• [Exercise description] Taking the line that contains "Masa lambası düz" as the start and the last line of the data as the end, repeat exactly every line in that span, but no pictures.

• [Collected material]

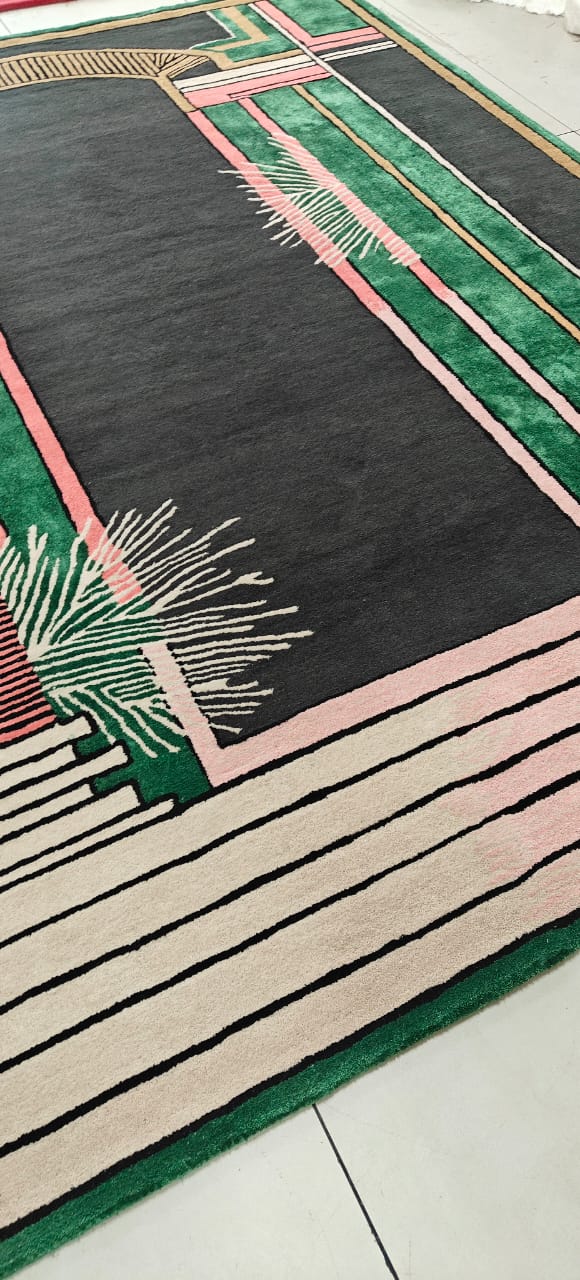 Decorative rug with geometric pattern on a floor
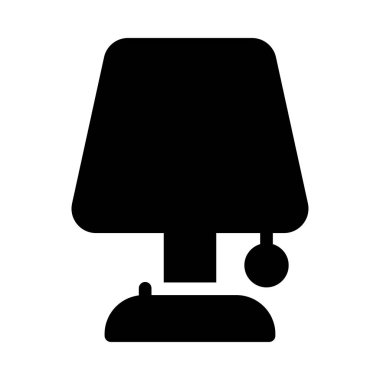 Masa lambası düz simgesi beyaz arka plan, vektör, illüstrasyon izole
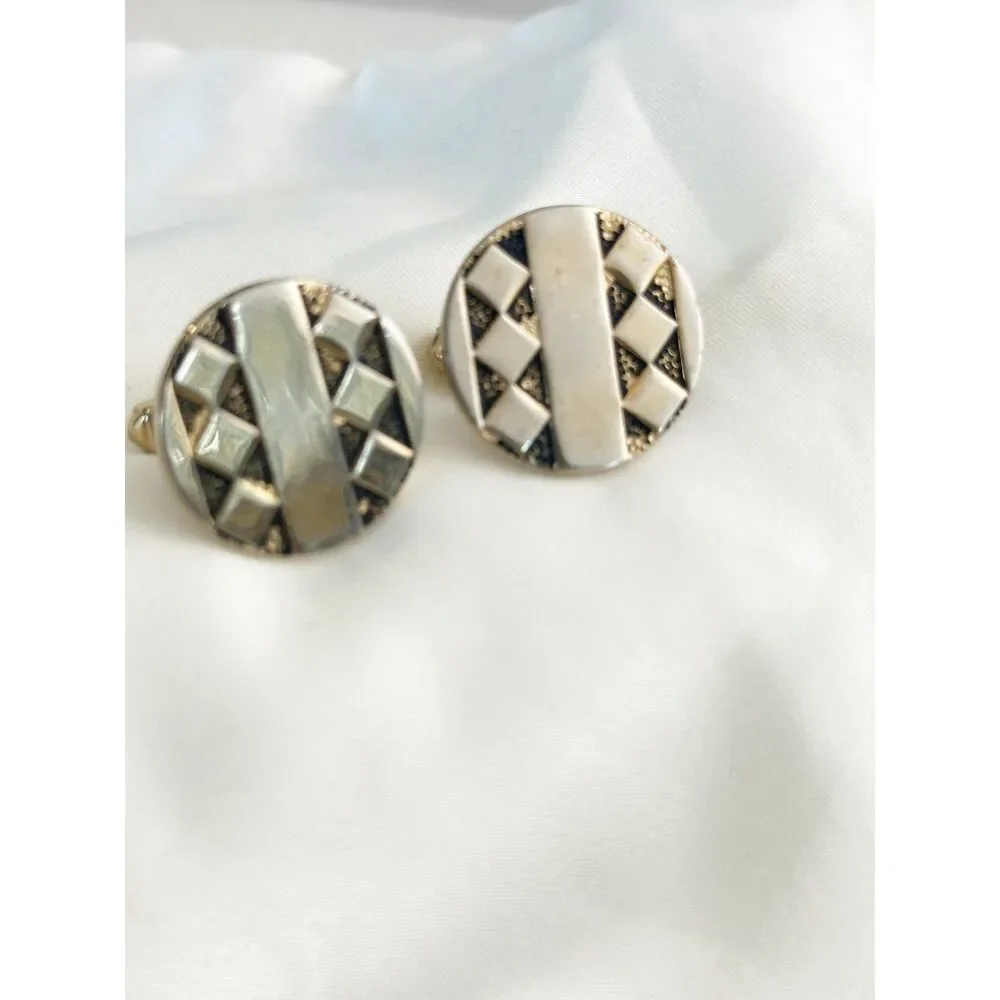 Vintage Round Cufflinks Diamond Design Light Gold Tone MCM Retro
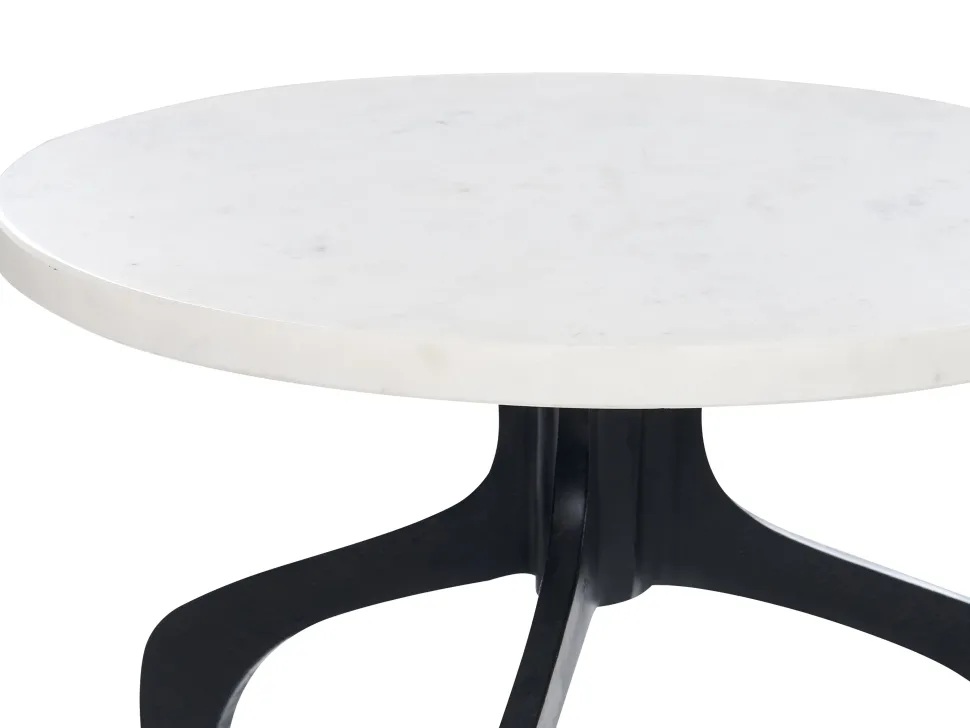 Beistelltisch Marmor Weis / Schwarz Rund O 36 Cm Tihoi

• [Response to this exercise]
 Masa lambası düz simgesi beyaz arka plan, vektör, illüstrasyon izole
 Vintage Round Cufflinks Diamond Design Light Gold Tone MCM Retro
 Beistelltisch Marmor Weis / Schwarz Rund O 36 Cm Tihoi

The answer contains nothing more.